How can Michigan keep building this supply chain while creating economic opportunities for all Michiganders? A significant source of our clean energy potential and what makes Michigan well positioned remains mostly untapped: our ability to safely extract and process the raw materials essential to Michigan’s (and the world’s) growing roster of advanced manufacturers.

Michigan is uniquely positioned to develop and execute a strategy that takes advantage of this demand.

Michigan is a manufacturing state

The birthplace of the auto industry still houses one-fifth of auto production in the United States and a growing list of suppliers eager to feed automaker demand for batteries and other vehicle components. Batteries and other high-tech materials cannot exist without nickel, copper and rare earths — significant quantities of which are located right here in Michigan and, in the case of copper and iron ore, have been mined for generations. Proximity to a secure and reliable source of minerals has become more important to manufacturers incentivized to reduce reliance on suppliers in unfriendly countries, lower their carbon footprint and minimize the risk of global supply chain disruptions.

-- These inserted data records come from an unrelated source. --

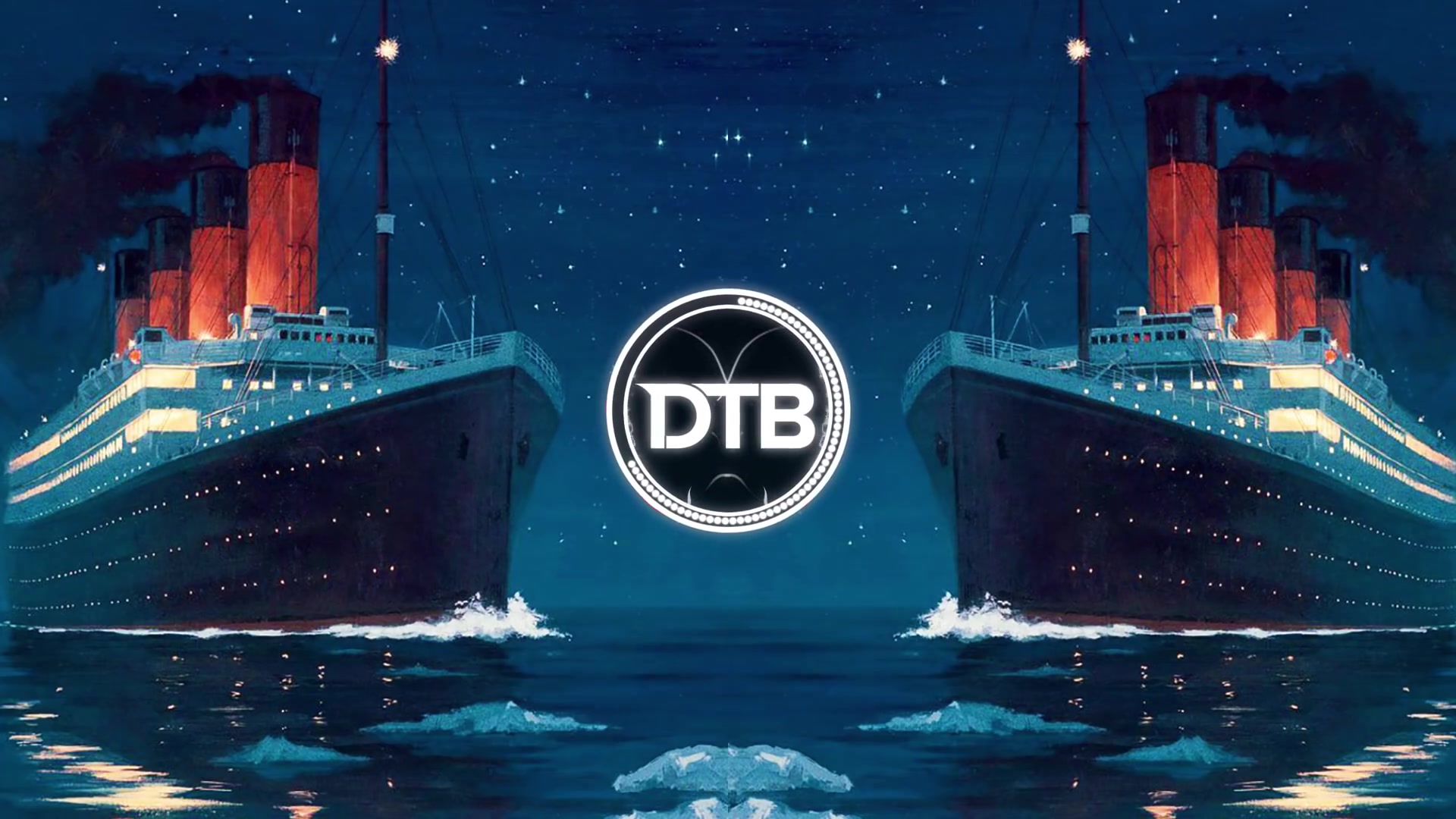 [图]TITANIC (PedroDJDaddy _ Trap Remix 2019)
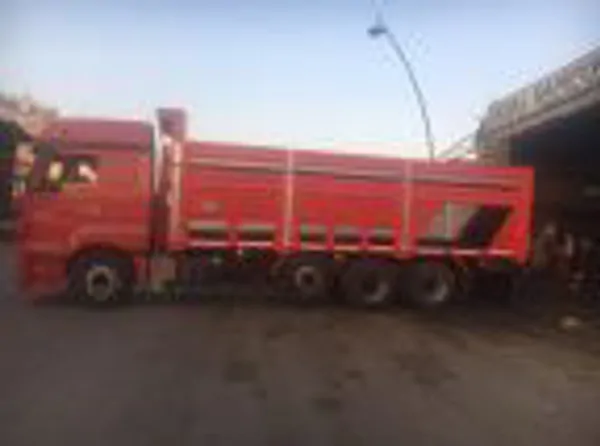 Dorse Damper Kapaklı
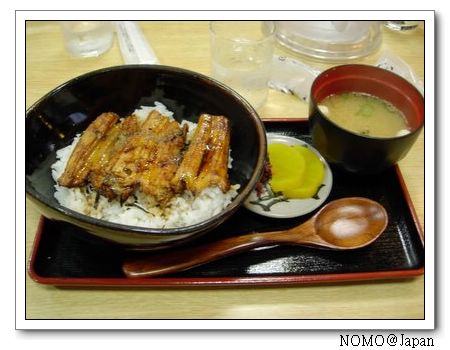 宮島的美食－星鰻 @YOYO日本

Michigan has abundant mineral resources and mining know-how

We have been a mining state for more than 125 years, with production totaling about $50 billion since the mid-1990s. The National Mining Association reports that mining supports approximately 9,000 direct jobs in Michigan and 17,000 indirect and induced jobs. Mining contributes roughly $1 billion to the state’s GDP annually.

Michigan is one of the only states that mines iron ore for the steel industry, and still the only state that produces nickel. Although the number of Michigan copper mines has dwindled, we have a storied copper mining history and projects with significant potential.

Michigan has the playbook for mineral development with minimal environmental impact

Eagle Mine in the Upper Peninsula, the only operating nickel mine in the U.S., is a notable success story. Faced with concerns that the mine would contaminate local groundwater, the mine owner worked with members of the local community to create a stringent monitoring program that has prevented pollution since the mine began operating in 2014.

Michigan is already developing a “circular economy” for key minerals

Michigan Technological University and Eagle Mine are co-recipients of $8.1 million to prove new research technologies that develop sustainable processes to supply critical minerals for EV battery manufacturing. The university and company received an additional $2.5 million from the U.S. Department of Energy to enable the study of recycling opportunities in Eagle Mine’s tailings facility. Gov. Whitmer’s budget proposal on Feb. 8 put forward $15 million for a critical mineral recycling research hub.

Major federal dollars are on the table

The Infrastructure Investment and Jobs Act passed in 2021 expands the list of projects eligible to receive a Department of Energy loan or loan guarantee to include those that increase the domestically produced supply of critical minerals.

The Inflation Reduction Act signed in 2022 provides advanced manufacturing credits for the domestic production of certain critical minerals. The White House has also invoked the longstanding Defense Production Act to encourage “sustainable and responsible domestic mining” through hundreds of millions of dollars in purchase commitments and loan guarantees. Domestic content requirements for IRA EV tax credits have incentivized automakers to source raw materials at home.

All these factors have created a generational opportunity for Michigan to pursue a comprehensive “mining-to-mobility-to-sustainability” strategy that drives innovation in all corners of Michigan, strengthens supply chain security for Michigan manufacturers, and cements Michigan’s leading role in building the clean technologies of the present and future.